Domenic Montesano si dice orgoglioso di lavorare con Bernier “affinché i principi di rispetto, equità, responsabilità personale e libertà individuale rimangano come valori canadesi” e aggiunge “per quanto riguarda la protezione del nostro ambiente il nostro obbiettivo è quello di mantenere integri e limpidi  i nostri fiumi, i laghi e l’acqua potabile”.
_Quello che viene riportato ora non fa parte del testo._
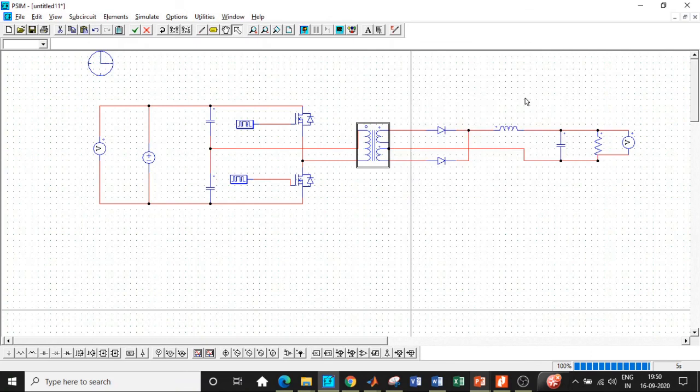This is how we simulate a half bridge DC to DC converter in PSIM. I hope you have understood it and were able to simulate it. If you have any questions, feel free to reach out by typing in the comments section below, or contact me at telecronixmedia@gmail.com. If you like this video, please do like it, share it, and subscribe to our channel for regular updates. Thanks for watching — meet you in another video. Thank you.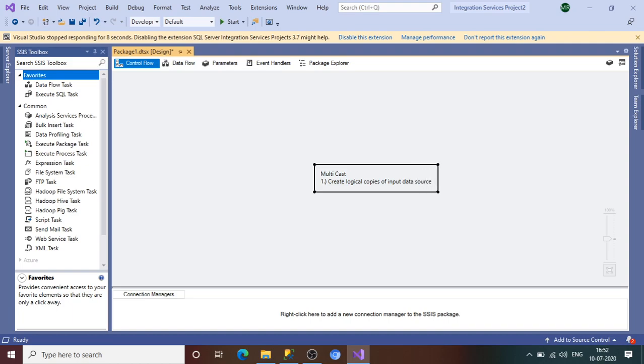Suppose your input data source is a flat file with five records, and you want logical copies of this data to dump into different destinations — you can use Multicast for that. The question arises: why do we need it? Usually it is not required very often, but sometimes there is a requirement. Think of an organization where employee data is stored in a table. A support team needs the data for troubleshooting, and business stakeholders also want to see the employee data. So we have different consumers of the same data, and in that case we can create logical copies using Multicast.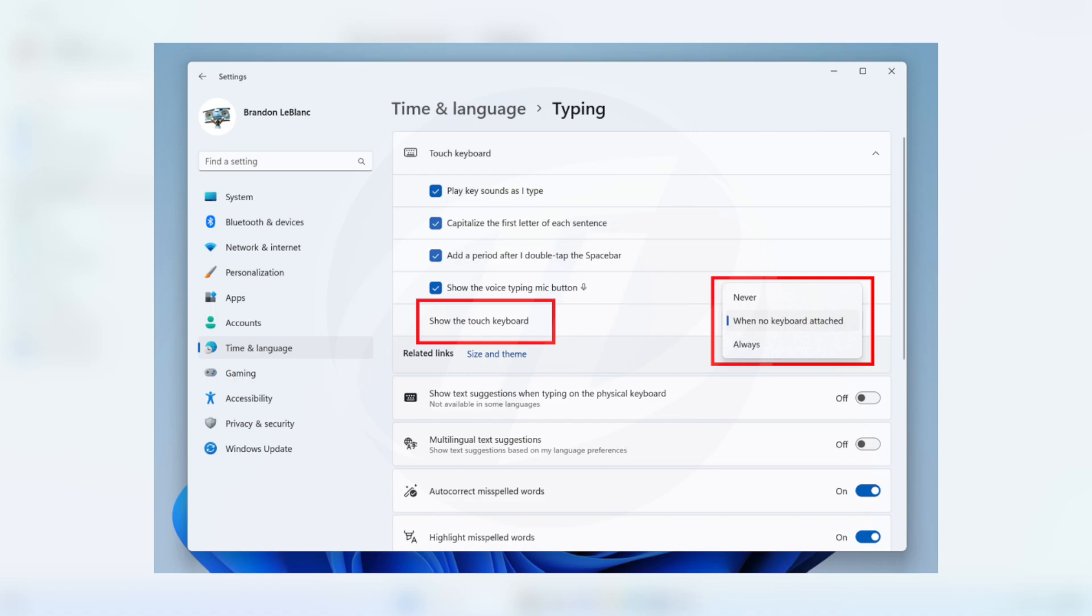Never suppresses the touch keyboard even when no hardware keyboard is attached. When no keyboard attached will show the touch keyboard only when the device is used as a tablet without the hardware keyboard. Always will show the touch keyboard even when the hardware keyboard is attached.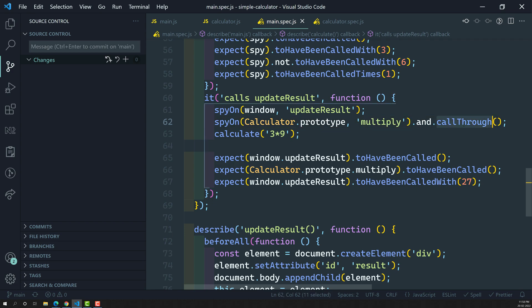Now we have learned about call through. There will be situations where we do not want to execute the real functionality of that method. Instead, we want to execute fake functionality — user-defined functionality. We do not want to execute the real method, but we need to execute the fake logic we've written in our test. In that scenario, we can use the method called call fake.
Fra i partiti di maggiore spicco a concorrere, oltre al PPC, per il rinnovo della Camera dei Comuni vi sono anche i cinque partiti storici e che erano stati presenti nella competizione del 2015 : “Liberale”, “Prudente”, “New Democratic”, “Liberario” e “Verde”.

“Nessuno dei partiti – afferma Domenic -  ha intenzione di raggiungere gli obiettivi di Parigi, tranne i Verdi, ma a spese della nostra economia. Siamo l’unico partito non ipocrita che non sta facendo vuote promesse per avere qualche voto in più”. Ed aggiunge : “Mi sono candidato nel PPC, che ha avuto una crescita intensa di consensi in così poco tempo, perché i nostri diritti e le nostre libertà di democrazia come Nazione sono a rischio di estinzione”.

La politica generale canadese è autonoma ed è guidata dal Primo Ministro. Ha un Senato con 105 membri nominati dal governatore generale e una Camera dei Comuni con 338 membri eletti in collegi uninominali. E per uno di essi concorre, come già detto, un oriundo capistranese, la cui originaria famiglia emigrò oltreoceano in cerca di fortuna, come le tante altre centinaia di famiglie capistranesi, che preferirono Melbourne (Australia), Toronto e Montreal (Canada).